Надя с Марьей Павловной переглянулись.
– О какой же вещи ты задумался? – спросила Надя.
– Так… Потом скажу, – неопределённо ответил Сушкин. – Или совсем не скажу, – он подумал, что его мысли очень могли бы показаться странными, даже непонятными. – Очень… необычные мысли, такие необычные, что… – он не то виновато, не то растеряно улыбнулся, снова подумав о том, что недавно его всего поглотило; теперь уже что-то, казалось, уплывало от его внимания, уходило, становясь расплывчатым, неясным; он дотронулся рукой лба, делая умственное усилие, снова улыбнулся. – Ну всё, ничего не понимаю, всё перемешалось в голове…
– Что перемешалось в голове? – с беспокойством спросила Марья Павловна, пронзительно глядя на сына.
– Ничего, ничего, это бывает, наверное, и у вас бывало?.. Это с каждым, наверно, бывает… Мысль придёт, думаешь о чём-то неуловимом; думаешь, что неуловимые мысли даются легко, а это не так, потом нить теряешь и не можешь схватить мысль!.. – Сушкин с мучительным выражением посмотрел на Надю и Марью Павловну и протянул перед собой руку, как будто в ней держал какой-то невидимый предмет; ему важно было дать почувствовать им своё душевное напряжение.

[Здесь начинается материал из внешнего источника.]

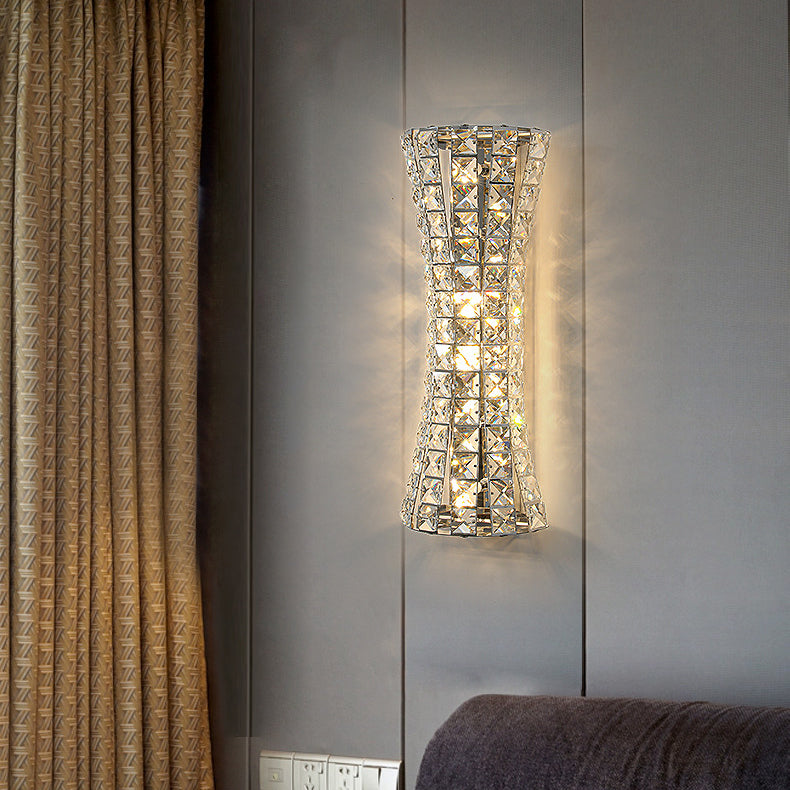 Crystal Steel Column H-curve 4/6 Light Wall Sconce Lamp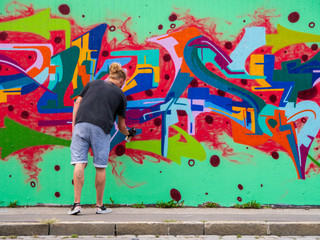 Naklejka premium młody człowiek wykorzystuje swój talent i wyczucie sztuki, aby zastosować to w różnych kolorach na murze miejskim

– Да это с каждым бывает, – не сразу обронила Надя, – это и со мной… почти всегда бывает… О некоторых вещах, только подумаешь – и уже сразу забываешь… Но что это ты такое подумал, необычное?..
– Да так… возможно и пустяк! – махнул рукой Сушкин. – Кончено, вам вовек не дога-даться, и никому!..
– И даже никому?.. – удивилась Надя. – К тому же вовек! Это странно! – она недоумённо выпятила губы и смотрела с изумлением на брата, у которого в этот момент взгляд что-то искал вокруг – и не находил.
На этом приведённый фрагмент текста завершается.